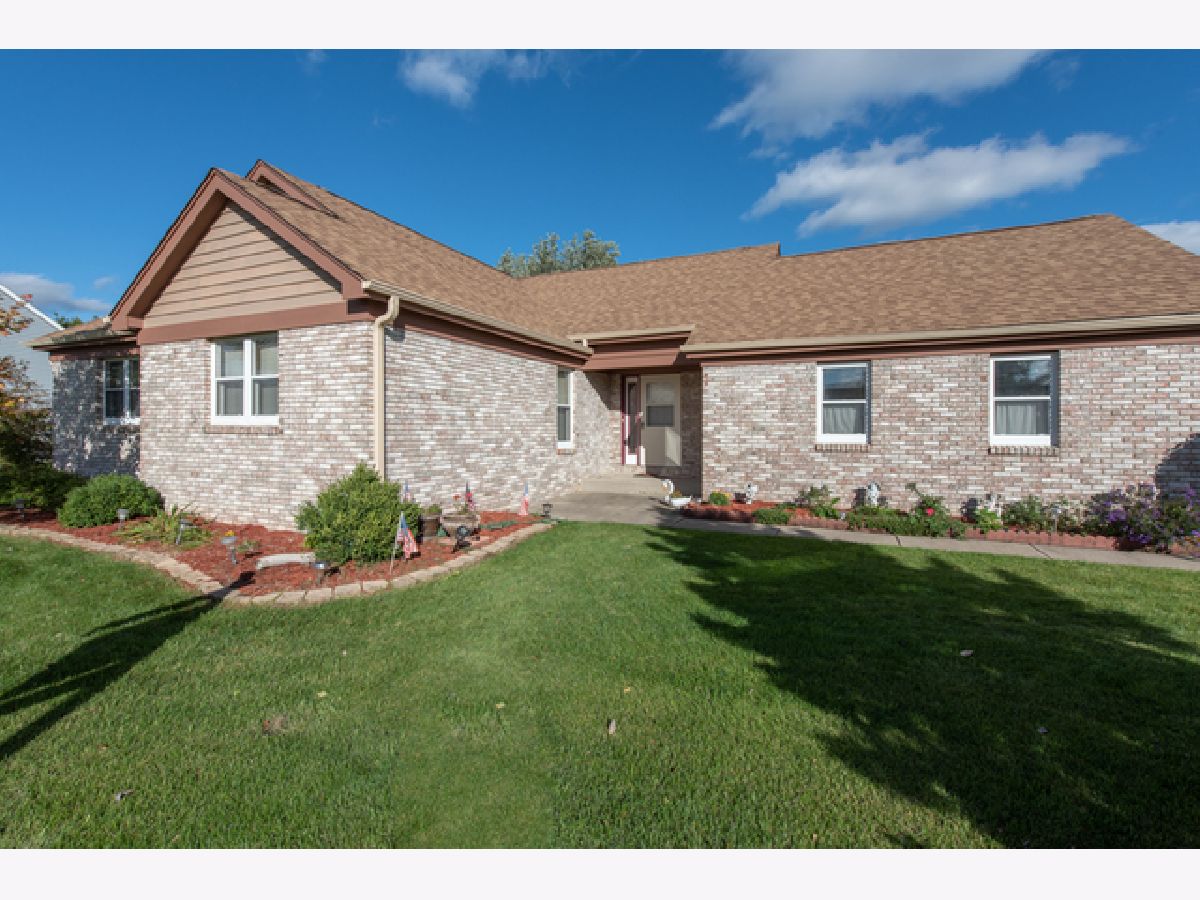  Rented Kenosha Wisconsin, 2923 43rd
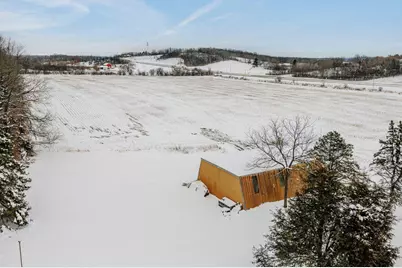 S78W30182  Sugden Rd, Mukwonago, WI 53149 - Photo 8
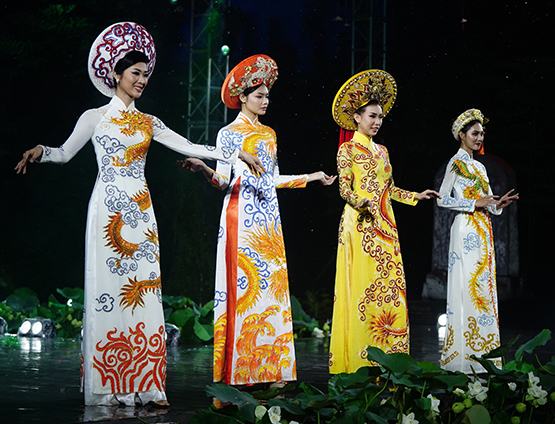 TP.HCM khai mạc Lễ hội Áo dài lần 7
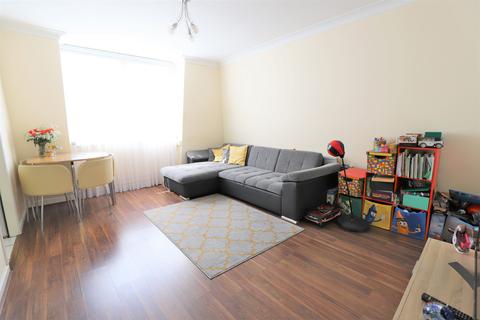 3e, Hamilton Court Botwell Common Road, Hayes, UB3 1JA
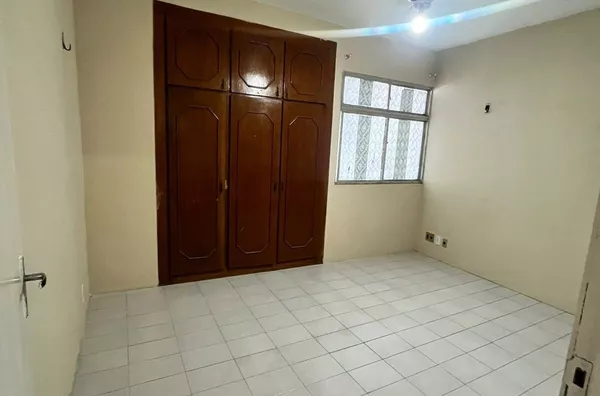 ALUGUE JÁ Apartamento no Centro com 3 quartos, próximo ao Banco do Brasil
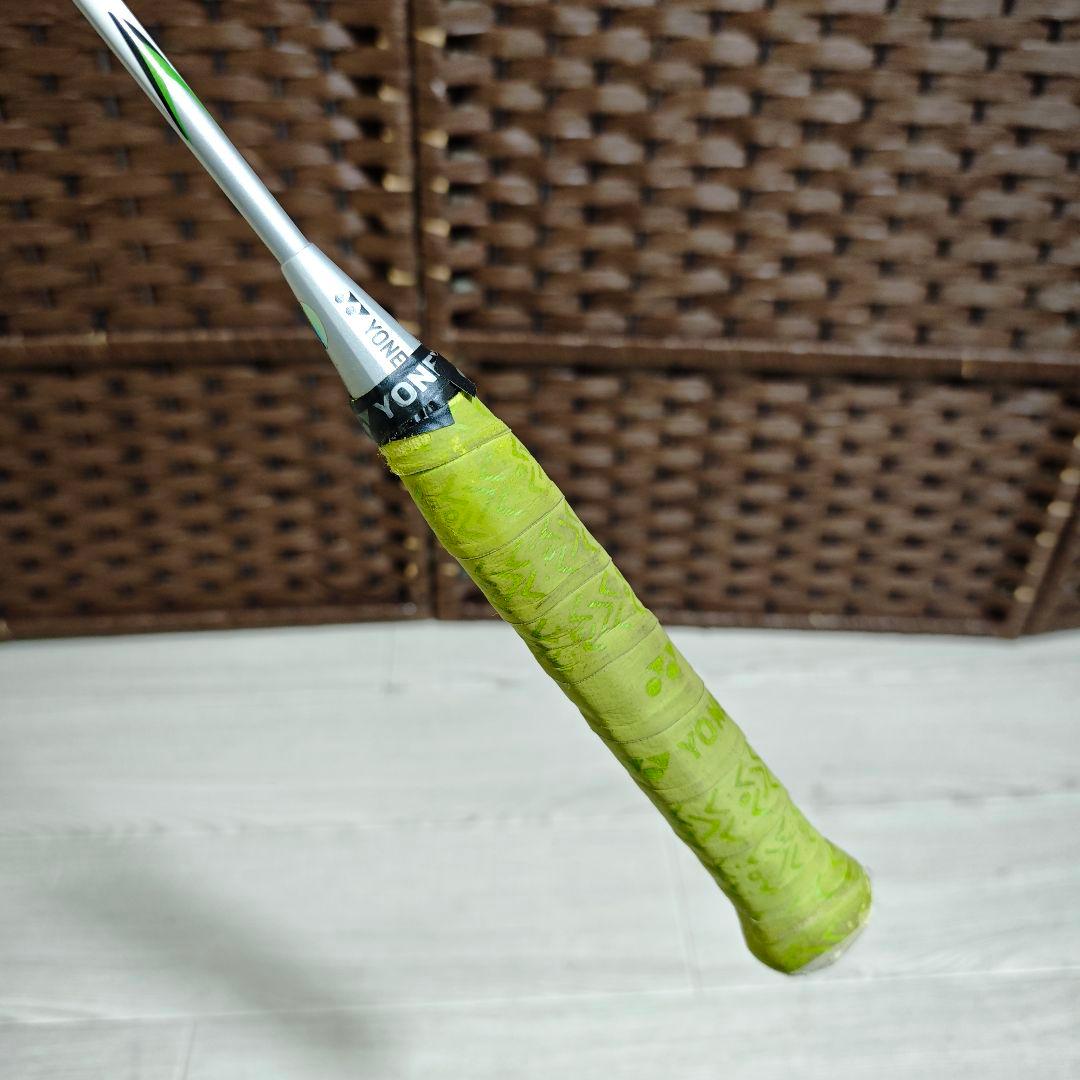 【極美品】 YONEX VOLTRIC30 5U G6 バドミントンラケット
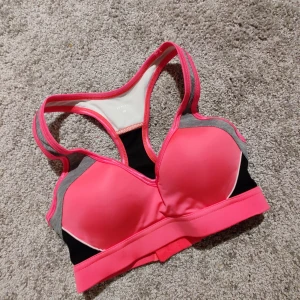  - Sportbh i storlek xs, den är vadderad inuti så ger en ett fint lyft 20kr för frakt 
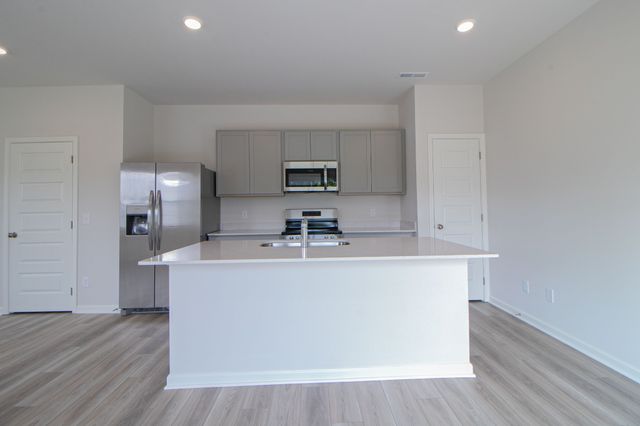1247 Ross Farms Blvd, Clarksville, TN 37043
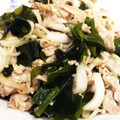 カメ姫☆'s cooksnap of when they made 豚肉と新わかめ・新玉ねぎの炒めもの.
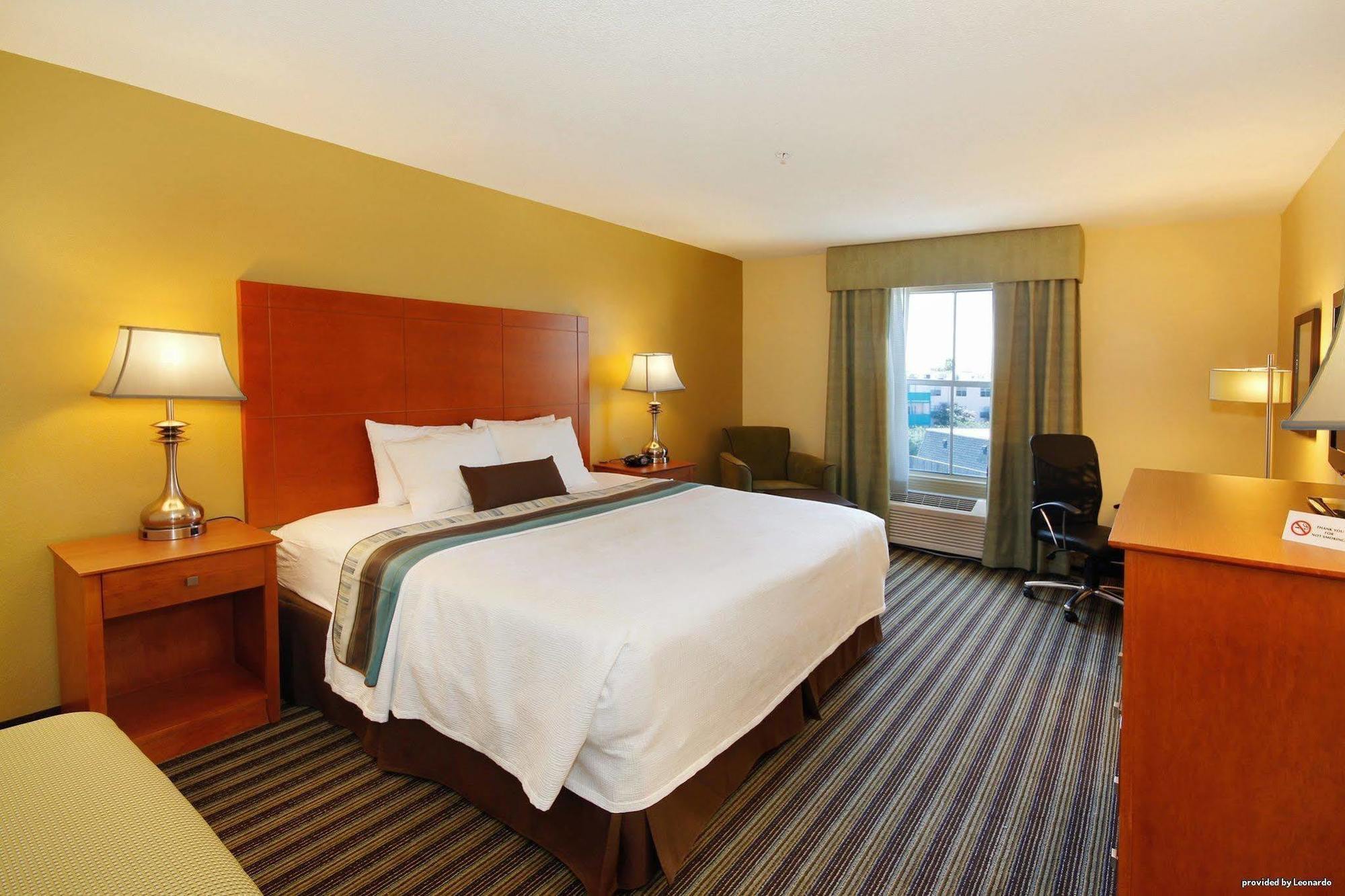 Best Western Plus Seawall Inn & Suites By The Beach Galveston Zimmer foto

▸ Exercise instructions:
Repeat word for word only the lines from the line holding "53149 - Photo 8" to the final line of the material, both included. Don't carry over any picture.

▸ Result of this task:
 S78W30182  Sugden Rd, Mukwonago, WI 53149 - Photo 8
 TP.HCM khai mạc Lễ hội Áo dài lần 7
 3e, Hamilton Court Botwell Common Road, Hayes, UB3 1JA
 ALUGUE JÁ Apartamento no Centro com 3 quartos, próximo ao Banco do Brasil
 【極美品】 YONEX VOLTRIC30 5U G6 バドミントンラケット
  - Sportbh i storlek xs, den är vadderad inuti så ger en ett fint lyft 20kr för frakt 
1247 Ross Farms Blvd, Clarksville, TN 37043
 カメ姫☆'s cooksnap of when they made 豚肉と新わかめ・新玉ねぎの炒めもの.
 Best Western Plus Seawall Inn & Suites By The Beach Galveston Zimmer foto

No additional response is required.